Auf dem Gelände befindet sich auch ein Golfplatz. Dort schwingt Christian Taylor mit Vorliebe den Schläger. „Es ist die gleiche Denkweise wie beim Dreisprung“, so die Erklärung. „Wenn du abschlägst bevor du nachdenkst, triffst du das Loch nicht. Die Flugkurve muss genau austariert sein“, weiß der Allrounder, der auch Skateboard fährt. „Damit bin ich in Florida rund um den Campus gekommen. Insofern bewahre ich mir damit ein Stück Heimat.“
Sprungbein gewechselt
Dass er mit seinen Kräften haushalten muss, weiß Christian Taylor. Jahrelange Belastungen haben ihren Tribut gefordert.
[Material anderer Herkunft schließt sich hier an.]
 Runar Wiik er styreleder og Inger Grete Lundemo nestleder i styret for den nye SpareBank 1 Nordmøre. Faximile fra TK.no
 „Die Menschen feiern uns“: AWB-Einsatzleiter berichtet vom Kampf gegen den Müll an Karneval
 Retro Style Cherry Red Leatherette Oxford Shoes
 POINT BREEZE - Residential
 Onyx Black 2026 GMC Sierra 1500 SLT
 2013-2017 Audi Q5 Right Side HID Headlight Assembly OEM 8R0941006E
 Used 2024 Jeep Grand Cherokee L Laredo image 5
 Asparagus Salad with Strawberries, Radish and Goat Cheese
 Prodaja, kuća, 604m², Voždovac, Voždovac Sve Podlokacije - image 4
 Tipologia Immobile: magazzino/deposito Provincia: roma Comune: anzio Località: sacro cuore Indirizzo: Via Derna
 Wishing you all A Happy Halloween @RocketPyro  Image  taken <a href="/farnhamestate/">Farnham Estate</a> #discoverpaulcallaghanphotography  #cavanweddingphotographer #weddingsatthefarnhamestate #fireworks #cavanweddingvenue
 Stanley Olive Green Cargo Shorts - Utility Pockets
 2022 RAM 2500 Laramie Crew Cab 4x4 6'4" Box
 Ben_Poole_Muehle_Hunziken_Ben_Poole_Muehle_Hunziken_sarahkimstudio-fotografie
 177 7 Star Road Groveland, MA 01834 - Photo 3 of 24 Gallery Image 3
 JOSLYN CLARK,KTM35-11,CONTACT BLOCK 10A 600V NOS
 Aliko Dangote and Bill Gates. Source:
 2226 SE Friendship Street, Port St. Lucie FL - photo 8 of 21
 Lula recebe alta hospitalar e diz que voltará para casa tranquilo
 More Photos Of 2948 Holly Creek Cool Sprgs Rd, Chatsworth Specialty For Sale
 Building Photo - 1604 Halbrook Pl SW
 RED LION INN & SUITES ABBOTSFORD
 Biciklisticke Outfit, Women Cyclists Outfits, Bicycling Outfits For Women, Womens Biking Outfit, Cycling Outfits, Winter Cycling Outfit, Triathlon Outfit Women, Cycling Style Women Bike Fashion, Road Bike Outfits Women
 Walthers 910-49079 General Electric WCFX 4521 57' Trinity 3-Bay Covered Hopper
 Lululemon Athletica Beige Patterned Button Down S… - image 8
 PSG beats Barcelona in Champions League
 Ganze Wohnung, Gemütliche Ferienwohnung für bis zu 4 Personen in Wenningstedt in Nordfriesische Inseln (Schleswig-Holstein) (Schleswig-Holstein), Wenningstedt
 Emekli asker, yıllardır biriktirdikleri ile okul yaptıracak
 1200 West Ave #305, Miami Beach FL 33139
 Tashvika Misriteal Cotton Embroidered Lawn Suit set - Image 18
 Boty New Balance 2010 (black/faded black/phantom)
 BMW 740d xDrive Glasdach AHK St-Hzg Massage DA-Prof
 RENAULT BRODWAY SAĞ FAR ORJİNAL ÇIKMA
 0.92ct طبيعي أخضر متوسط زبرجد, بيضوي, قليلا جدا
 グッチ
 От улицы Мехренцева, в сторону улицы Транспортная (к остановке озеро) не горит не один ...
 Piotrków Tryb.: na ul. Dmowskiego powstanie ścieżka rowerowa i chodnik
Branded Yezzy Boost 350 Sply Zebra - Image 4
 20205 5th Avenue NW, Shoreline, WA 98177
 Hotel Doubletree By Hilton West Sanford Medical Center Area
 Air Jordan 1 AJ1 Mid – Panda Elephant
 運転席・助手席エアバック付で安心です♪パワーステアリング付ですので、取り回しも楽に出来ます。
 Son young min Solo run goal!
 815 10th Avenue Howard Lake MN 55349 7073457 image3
Als das linke Knie aufgrund einer Arthrose mehr und mehr schmerzte, wechselte er das Spungbein und wurde Rechtsfuß. Dazu stellte er die Technik grundlegend um - rein koordinativ eigentlich ein unmögliches Unterfangen. „Ich dachte mir, ich muss etwas ändern, sonst versinke ich im Mittelmaß“, so der Olympiasieger und zweifache Weltmeister,
Dass der Versuch dennoch gelang und Christian Taylor in der abgelaufenen Saison besser war denn je, liegt möglicherweise an seiner Hartnäckigkeit, aber auch an seiner Vielseitigkeit. Ein Beweis dafür: Der Hausrekord im Weitsprung liegt bei 8,19 Metern. Seine Bestzeit über 400 Meter: 45,17 Sekunden. Im April gehörte er zum US-Quartett über 4x400 Meter, das auf den Bahamas den Weltmeister-Titel holte.
Rekord per Video analysiert
Schon vor seinem Sieg bei der U18-WM 2007 in Ostrava (Tschechische Republik) hatte Christian Taylor, der in Long Island an der Ostküste Nordamerikas geboren wurde und 40 Kilometer von Atlanta entfernt aufwuchs, im Football Talent unter Beweis gestellt. Sein damaliger Coach Dick Booth erkannte: „Er ist gut in jeder Beziehung. Vor allem aber ist er schnell. Und er hat keine Scheu vor vielen Wettkämpfen. Er weiß, dass sie ihn stark machen.“
Als Jonathan Edwards Weltrekord sprang, war Christian Taylor fünf Jahre alt. Das Video des Rekord-Satzes hat er inzwischen dutzendfach studiert. „Sein Bewegungsablauf wirkt wie ein Stein, der ganz dicht über die Wasseroberfläche flitscht. So federnd, so schnell. Einzigartig“, schwärmt der potenzielle Nachfolger.
„Ich habe so viel Respekt vor diesem Mann und der Leistung. Aber ich bin hungrig darauf, genauso zu springen und den Rekord zu holen“, erklärt Christian Taylor mitreißend energiegeladen. Da brennt einer.